Part 3 - The intellectual life
| By | Father Robert J. Spitzer, S.J. |
| President, Gonzaga University |
(Originally published in the Winter 2002 edition of GONZAGA, the alumni publication.)
In three of the last four issues of GONZAGA, I addressed two of the four pillars of Jesuit education: the first pillar, our five mission areas (faith, ethics, justice, service, and leadership) and the second pillar, which is dedicated to the humanities. In this issue I will take up the third pillar: mental acuity, academic professionalism, and the intellectual life. In the next issue I will take up the fourth and final pillar, a campus environment leading toward the recognition of the intrinsic dignity of self and others, and through this, the development of the whole person.
I have already written about "mental acuity" in the April 2000 issue. I will briefly summarize what I mentioned there and then move to the areas of academic professionalism and the intellectual life.
I looked at mental acuity through three well-known Jesuit aphorisms:
"All opinions are not equal from the vantage point of logic and completeness."
"Never deny, seldom affirm, always distinguish."
"There are far more errors of omission than commission."
I also discussed 10 categories of cultural discourse which act as intellectual road maps for students to obtain the highest viewpoints on happiness, truth, ethics, suffering, God, freedom, love, personhood, rights, and the common good.
As one integrates these central insights into one's thinking, one can detect an accelerated development of creativity, effectiveness toward the common good, and leadership ability. As a result, critical thinking, reading comprehension, and rhetorical and writing skills naturally develop. Sentences become clearer and more complex, and the ability to analyze difficult problems and ideas becomes more incisive. These fundamental skills underlie all other courses in the specific professions (law, the natural and social sciences, social sciences, business, engineering, education, etc.).
Mental acuity enhances academic professionalism. The habits of checking for logical rigor, completeness of evidence, and clarity of expression allow students the intellectual acuity and freedom to be outstanding analyzers, synthesizers, and communicators.
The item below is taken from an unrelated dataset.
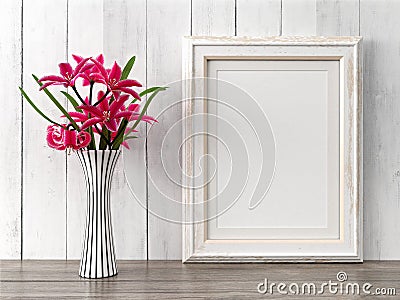 Empty modern style frame, 3D render Stock Photo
Students may not remember all the formal rules of logic, the 10 higher viewpoints, and the rules of clear oral and written expression, but the study and practice of these habits in one class after another seems to shape conscious and unconscious thinking processes.
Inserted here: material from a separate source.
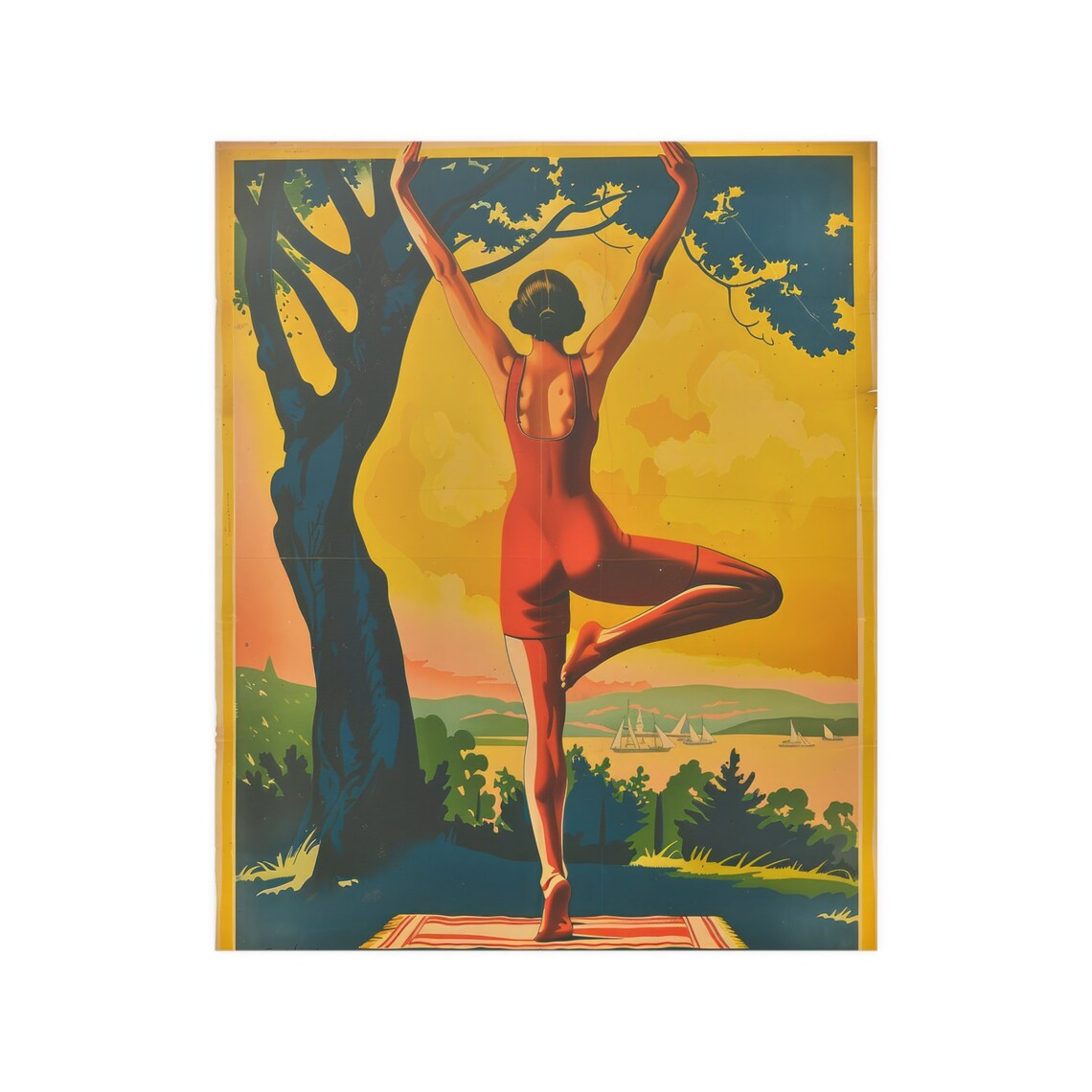 Retro Yoga Sun Salutation Art Print, Yoga Decor - Image 6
I have heard from many graduates, working with colleagues from universities like Harvard, Stanford and Cambridge, that their fundamental training in the above areas gave them better depth and breadth of thought. They were called upon more frequently than their colleagues to sit on ethics boards, create new systems, take the initiative on creative projects, and represent their fellow professionals. In short, their mental acuity helped them to be better professionals and better leaders for the common good.
Jesuit education is not concerned solely with mental acuity and academic professionalism. It desires to open its students to the "intellectual life," to a deep appreciation of the great questions, ideas, ideals, and systems of thought, which have animated human aspirations for centuries. More than a "deep appreciation," Jesuit education sets out to cause a love of the intellectual life. A love, giving rise to passion, inspiration, and the drive for ever greater and deeper good. But more than this, love of the intellectual life helps students to appreciate every facet of their existence more deeply: individual people, society, culture, cosmos, and God. This love, then, lies at the source of freedom, creativity, appreciation, aspiration, ideal, and even prayer.
Our faculty understand the depth, beauty and importance of this intellectual life, and so, open not simply their course content, but also their minds and hearts to the students. With rigor and humor, mentation and passion, insistence and love, discipline and freedom, they inspire, inform, cajole and engage students in the spirit of reason and wisdom.
Medieval philosophers recognize the distinction between ratio (reason) and intellectus (contemplation). Ratio is active knowledge acquired by the sweat of one's brow. It is the gathering of evidence, the application of strict method, the use of logic, and the qualification of conclusions. In contrast, intellectus is passive. It is the contemplation of goodness itself, justice itself, beauty itself, love itself, and being itself. This contemplation feeds the soul not with facts and acquired knowledge, but with appreciation, depth, civility, the sublime, and even the divine. Our faculty open the way to ratio liberating intellectus and intellectus liberating ratio. This is the epitome of Jesuit education.
Mental acuity, academic professionalism, and the intellectual life (the third pillar), interact with the other three pillars of Jesuit education. The well-disciplined, creative mind transforms the five mission areas (the first pillar) and the humanities (the second pillar) into leadership for the common good. It enables students to communicate, apply, and actualize their ideals in a real world constituted by real diversity and finite resources. This too, is the epitome of Jesuit education.